Diagnostic analysis on the Wenchuan dataset (p=17, 136 possible edges)
showed that non-reversible steps co-occur with divergent trajectories and
are not caused by intrinsic RATTLE/SHAKE projection failures. The
dimensionless coupling constant C = max_rev_diff / eps^2 has a typical
range of 0.001-0.14 (median 0.002) for non-divergent steps, well below
the 0.5 threshold.

Proposed Changes / New Functionality

C++ sampling layer:

  • leapfrog_constrained_checked() in leapfrog.h/.cpp: runs forward step,
    then reverse half-step, compares positions. Returns a reversible flag
    alongside the usual position/momentum.
  • nuts_step() and hmc_step() in nuts.h/.cpp and hmc.h/.cpp: accept
    reverse_check and reverse_check_tol parameters. Non-reversible steps
    set s_prime = 0, n_prime = 0 (tree terminates, proposal rejected).
  • StepResult and ChainResult extended with non_reversible field.
  • SamplerConfig stores reverse_check = true and
    reverse_check_tol = 0.5 as internal defaults (not exposed to R).
  • Phase-aware enforcement in sampler_base.h: the check observes during
    warmup and enforces (rejects) during sampling.

R output layer:

  • non_reversible counts stored per iteration in chain_result.
  • Surfaced through nuts_diagnostics as nuts_diag$non_reversible and
    nuts_diag$summary$total_non_reversible.

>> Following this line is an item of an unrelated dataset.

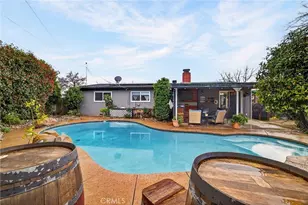 27 Amber Way, Chico, CA 95926 - Photo 47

The reversibility check is always on. There is no user-facing parameter to
disable it.

Type of Change

  • New feature
  • Performance optimization

The constrained leapfrog now runs a forward + backward step, approximately
doubling the leapfrog cost. On the Wenchuan dataset (p=17), elapsed time
increases from ~3s to ~6s compared to main. This is the expected cost of
the round-trip check.

Documentation and Release Notes

  • Updated function documentation for any signature or behaviour changes
  • Regenerated man/*.Rd files if roxygen comments changed
  • Added or updated NEWS.md entry if the change affects users

Testing and Validation

14 tests in test-reversibility-check.R:

Unit-level (C++ test interface):

  • Well-behaved steps pass the check (non_reversible_count = 0)
  • Checked leapfrog matches unchecked positions to 1e-12
  • Impossibly tight tolerance (1e-11) triggers non-reversible detections
  • Large step sizes (eps=0.5) with near-machine-epsilon tolerance catches
    round-trip drift
  • Long trajectory (200 constrained leapfrog steps) stays reversible at
    normal tolerance
  • Rank-deficient regime (n=5, p=8) stays reversible
  • Ill-conditioned data (condition number > 1e3) stays reversible

Integration-level (bgm()):

  • non_reversible diagnostic field present in bgm() output

  • High-dimensional GGM (p=20, edge selection) completes without crash

  • Added or updated tests in tests/testthat/ when needed

  • Ran the project styler

  • Ran lintr::lint_package()

  • Ran roxygen2::roxygenise() if roxygen comments changed

  • Ran rcmdcheck::rcmdcheck(args = c("--no-manual", "--as-cran"))

  • Verified numerical behaviour where relevant

R CMD check: 0 errors, 0 warnings, 1 note (pre-existing CODE_OF_CONDUCT.md).

Additional Notes

  • The bgmCompare sampler (bgmCompare_sampler.cpp) still uses the old
    nuts_step/hmc_step signatures. It compiles via C++ default parameters
    but does not pass reverse_check explicitly. This is fine for now since
    bgmCompare does not use constrained integration, but should be updated
    when that code is migrated to the unified runner.
  • The ggm_test_leapfrog_constrained_checked C++ test interface exposes
    reverse_check_factor for unit testing with arbitrary tolerances. This is
    not part of the public R API.
  • Performance: the 2x cost is inherent to the forward-backward round-trip.
    A future optimization could skip the reverse check for unconstrained
    leapfrog steps (where reversibility is guaranteed by the symplectic
    integrator), but this is not implemented since unconstrained steps are
    already fast.

Phase-aware reverse check: observe during warmup, enforce during sampling.
Forward+backward leapfrog in leapfrog_constrained_checked detects
non-reversible RATTLE/SHAKE projections. Non-reversible steps terminate
the NUTS tree and reject the proposal (same as divergence handling).

Internal tolerance fixed at 0.5 * eps^2 (not exposed in R API).
Non-reversible counts stored per iteration and surfaced through
nuts_diagnostics alongside divergence counts.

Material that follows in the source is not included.